Revisando arquiteturas herdadas
Organizações que cresceram organicamente ao longo de décadas carregam o peso de sistemas legados que nunca foram projetados com Zero Trust em mente. A transição de modelos baseados em perímetros para arquiteturas centradas em identidade exige mudanças culturais e tecnológicas simultâneas.
Zero Trust não significa ausência de confiança, mas verificação contínua a cada acesso, a cada tentativa de conectividade. Implementar esse conceito em ambientes com aplicações e redes herdadas representa uma transformação arquitetural completa, não apenas uma atualização de ferramentas.
A conscientização organizacional é um fator crítico. Controles de segurança relacionados à gestão de privilégio necessitam alinhamento entre áreas de negócio desde a concepção. Sem esse acordo inicial, qualquer implementação técnica enfrenta resistência operacional que compromete sua eficácia.
Automatização é a solução?
Automatização eficaz transcende a simples criação e remoção de usuários. Envolve auditoria contínua entre bases de dados de identidade e aplicações reais, garantindo que permissões concedidas correspondam exatamente às permissões ativas. Discrepâncias nesse controle representam vulnerabilidades diretas.
A implementação de Security by Design exige colaboração entre segurança, donos de aplicação e áreas de negócio para desenhar processos e fluxos antes da concessão de permissões. Esse trabalho estabelece fundamentos para gestão sustentável de privilégios.
Gestão de terceiros e a ampliação dos riscos
Em gestão de identidades, terceiros representam amplificadores de vulnerabilidade. Organizações frequentemente concedem acessos privilegiados a parceiros sem visibilidade completa sobre suas práticas internas de segurança. Casos reais demonstram situações em que 100% dos usuários de uma empresa terceirizada utilizavam credenciais idênticas, criando pontos únicos de falha.
A estratégia mais eficaz combina controle de origem e destino nas conectividades, utilizando a infraestrutura do próprio terceiro como camada adicional de verificação. Essa abordagem distribui responsabilidade e cria múltiplas barreiras para potenciais atacantes.
Transformações para 2026 em gestão de identidade
Três mudanças fundamentais definem o futuro próximo da gestão de acesso privilegiado.
Primeiro, a eliminação completa de privilégios permanentes em contas comuns, substituídos por sistemas de solicitação com aprovação e janelas temporais específicas para cada ação.
Segundo, a adoção massiva de arquiteturas sem senhas. Se credenciais representam o principal vetor de ataque, a lógica indica sua eliminação como solução mais direta. Tecnologias atuais já permitem autenticação automatizada sem exposição de senhas aos usuários finais.
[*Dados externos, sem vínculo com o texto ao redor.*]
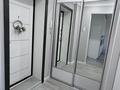 1-бөлмелі пәтер · 34 м² · 3/5 қабат, Батыр Баяна 66, бағасы: 18 млн ₸ в Петропавловске — фото 2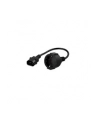 BlueWalker POWERWALKER IEC-GT SCHUKO CONVERTER (91015003) - nr 14
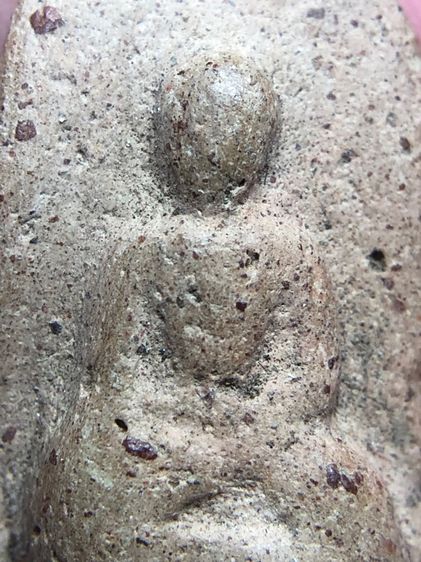 พระคงเนื้อดิน รูปที่ 8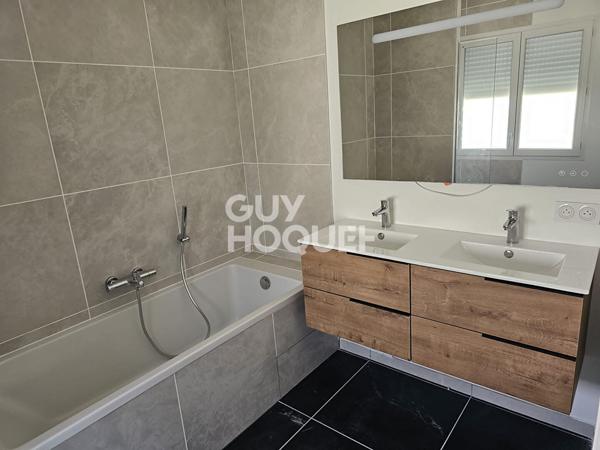 Bureaux Beynost 183.12 m²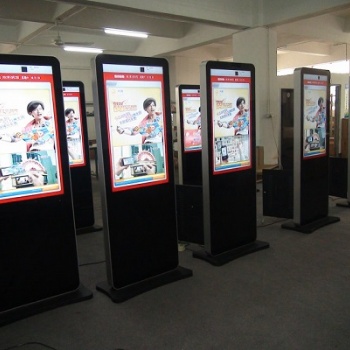 大連廣告機(jī)銷售維修安裝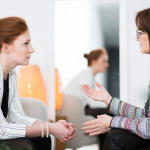 ‘속시원히 털어놓다’ 이렇게 말하세요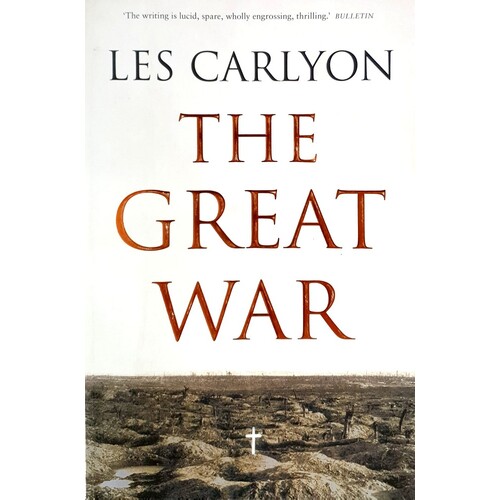 The Great War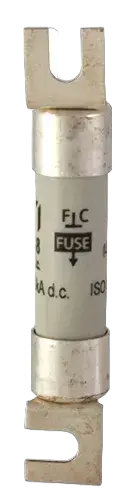 Slika CH10x38SU FCF 6A/450V DC
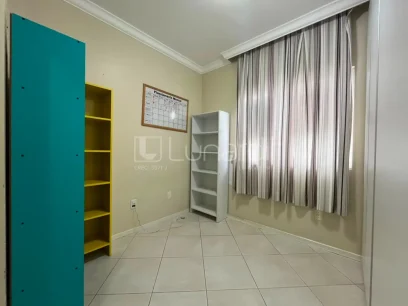 Apartamento com 3 Dormitórios - Miniatura - Lunardi Imóveis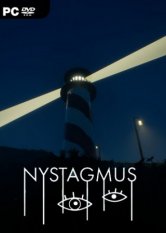 Nystagmus игра с торрента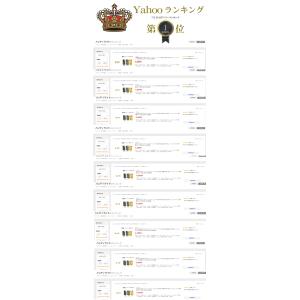 WUBEN【G5】フラッシュライト ミニサイズ...の詳細画像3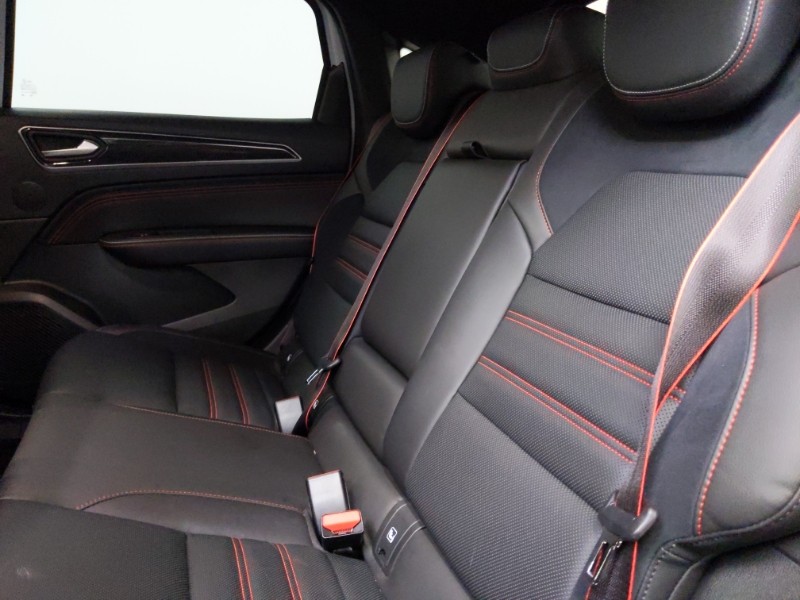 Used Renault Arkana 2023 for sale - 77689976: Photo 6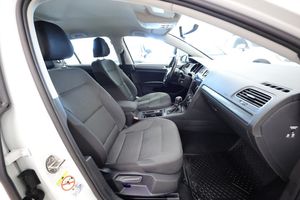 Volkswagen Golf bild 14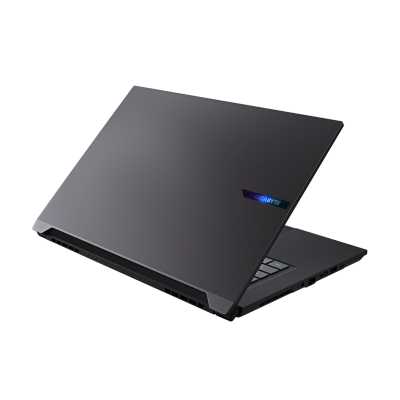 ноутбук GigaByte Aero X16 3VHK3KZC93AD Серый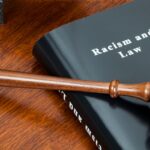 karmelo-anthony’s-father-blames-‘white-attorney’-for-his-son’s-murder-conviction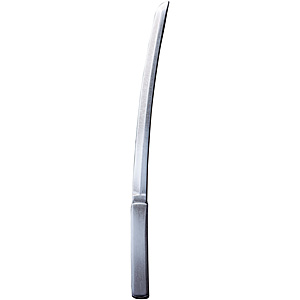 �g�[�_�C 18-0 �X�e�����X ���{�� �悤����a�َq�i�C�t �X�e�����X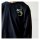Biltwell Dragon long sleeve L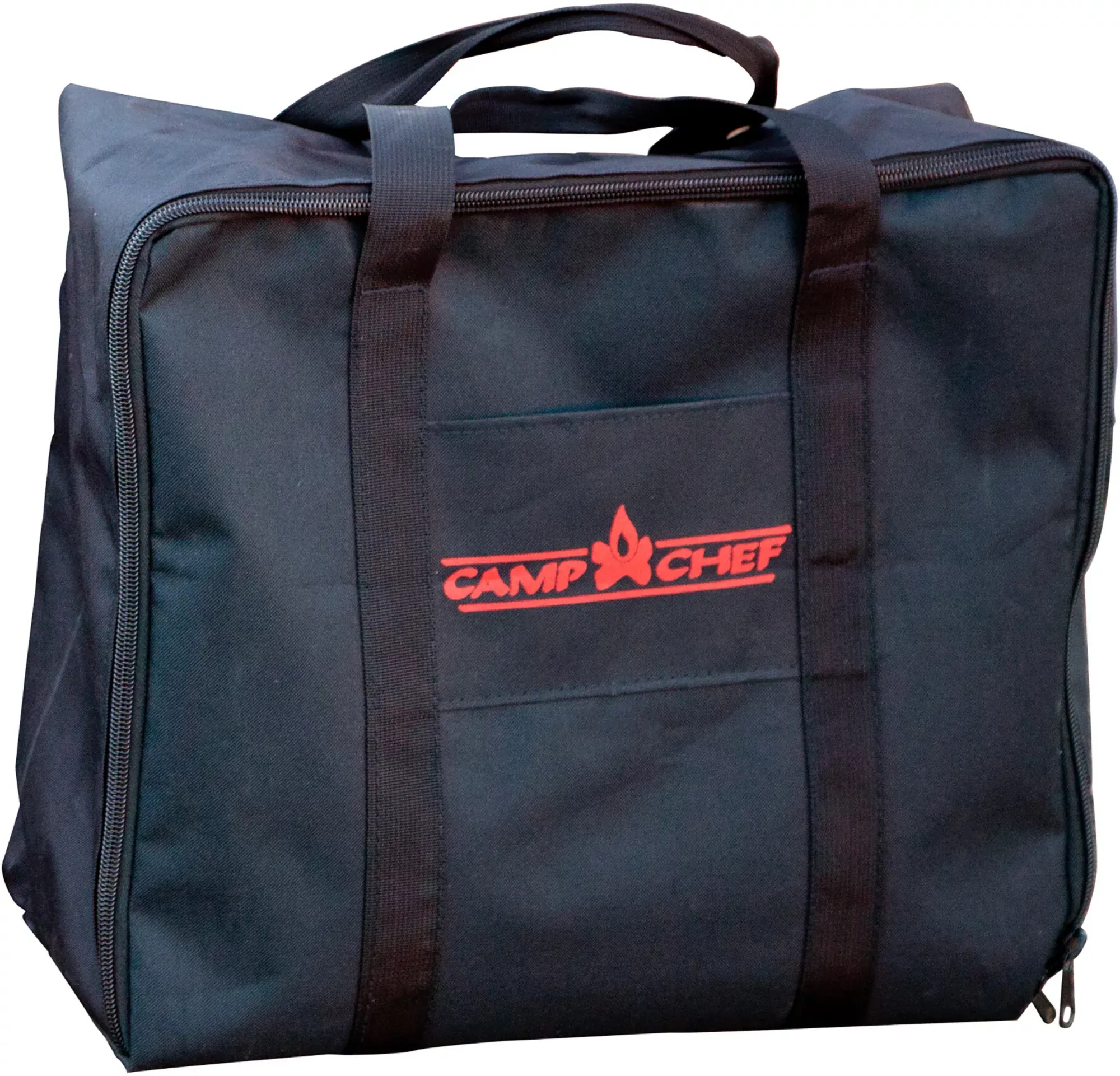 Camp Chef 14 in. x 16 in. Accessory Carry Bag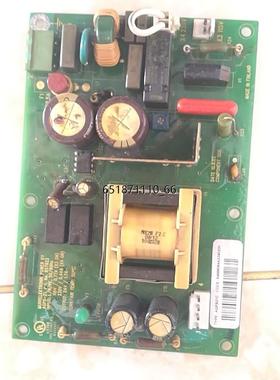 AGPS-21C原装拆机，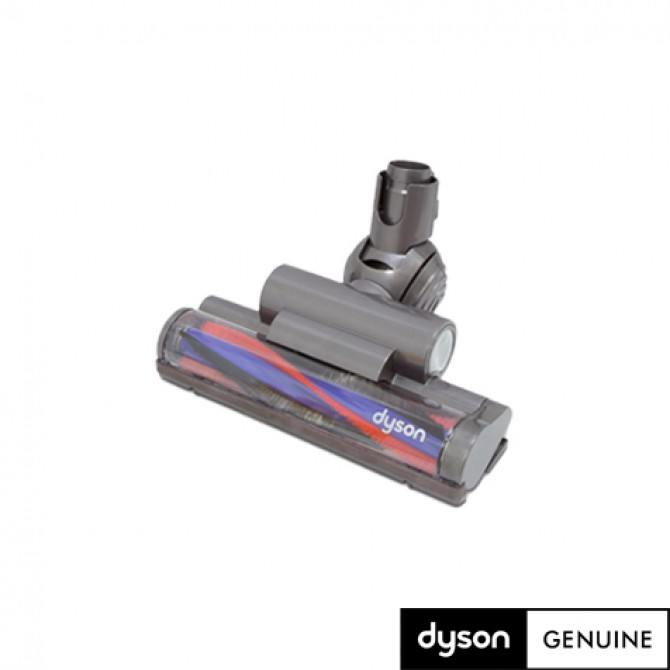 DYSON Turbo antgalis, 963544-01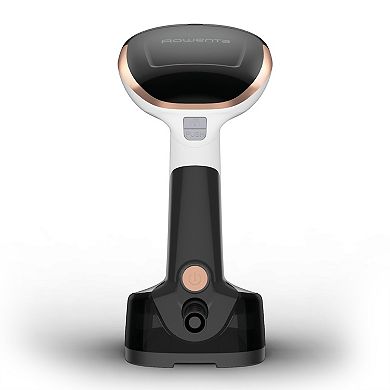 Rowenta X-Cel Steam Pocket Steamer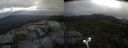 ./images/calvert/buxton2/20210927/buxton220210927_181503M.jpg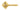 From The Anvil's Polished Brass Avon Round Lever on Rose Set (Sprung); #finish_polished-brass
Terceiro, o compartilhamento obrigatório de autorizações críticas. Decisões que impactam infraestruturas essenciais não podem depender de aprovação unilateral, independentemente da hierarquia organizacional. Esse modelo distribui responsabilidade e reduz riscos de comprometimento interno.
Cultura de segurança além das políticas
Treinamentos que conectam segurança corporativa com proteção pessoal geram engajamento genuíno. Quando funcionários compreendem como práticas seguras protegem seus próprios dispositivos e informações pessoais, a adoção corporativa acontece naturalmente.
A transformação cultural demanda patrocínio executivo consistente. Segurança não pode ser percebida como obstáculo à produtividade, mas como habilitador de crescimento sustentável.
Conclusão sobre a gestão de identidades hoje
A pergunta que todo executivo enfrentará após o próximo grande ataque será direta: “estamos seguros contra métodos similares?”. A resposta honesta exige avaliação crítica de três pilares fundamentais em gestão de identidades: proteção contra phishing, controle rigoroso de credenciais e gestão granular de acessos privilegiados.
Organizações que tratam gestão de identidade como responsabilidade exclusiva de TI subestimam a magnitude do desafio. CISOs precisam reconhecer que identidade representa questão estratégica corporativa, demandando envolvimento de compliance, controles internos e liderança executiva.
O futuro da segurança corporativa será definido pela capacidade de transformar complexidade técnica em clareza operacional, estabelecendo fundamentos sólidos para crescimento digital sustentável.